→ **YOUR ASSIGNMENT**
An exact copy of all the lines below is required, with every image left out.

→ **AVAILABLE DATA**
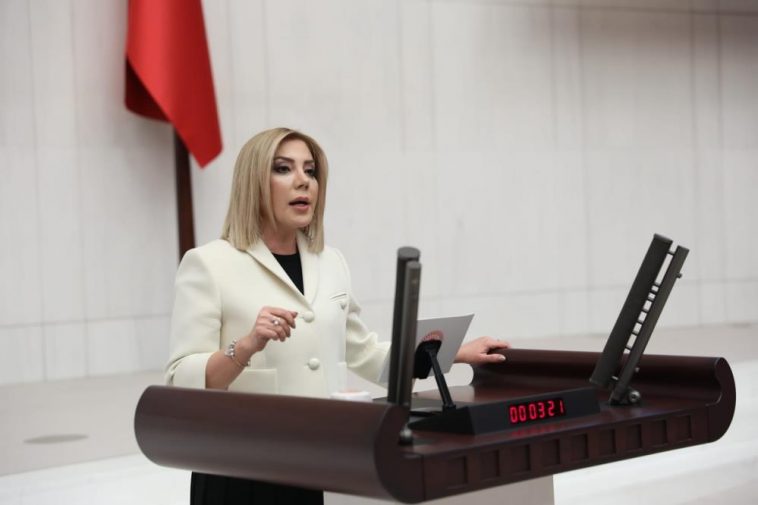 AK Parti'li Gökcan'dan, Muğla'da çimento fabrikası ruhsatına tepki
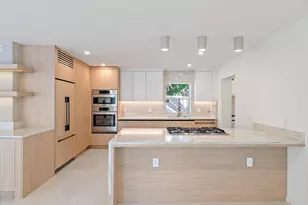 107 Sandal Ln, Palm Beach Shores, FL 33404 - Photo 1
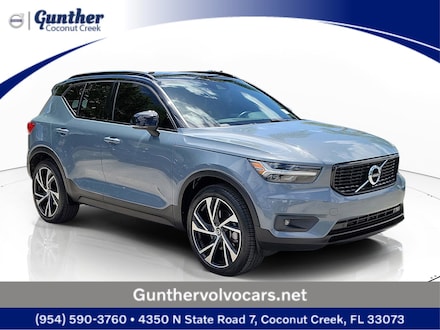 2021 Volvo XC40 T5 R-Design SUV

→ **ANSWER SECTION**
 AK Parti'li Gökcan'dan, Muğla'da çimento fabrikası ruhsatına tepki
 107 Sandal Ln, Palm Beach Shores, FL 33404 - Photo 1
 2021 Volvo XC40 T5 R-Design SUV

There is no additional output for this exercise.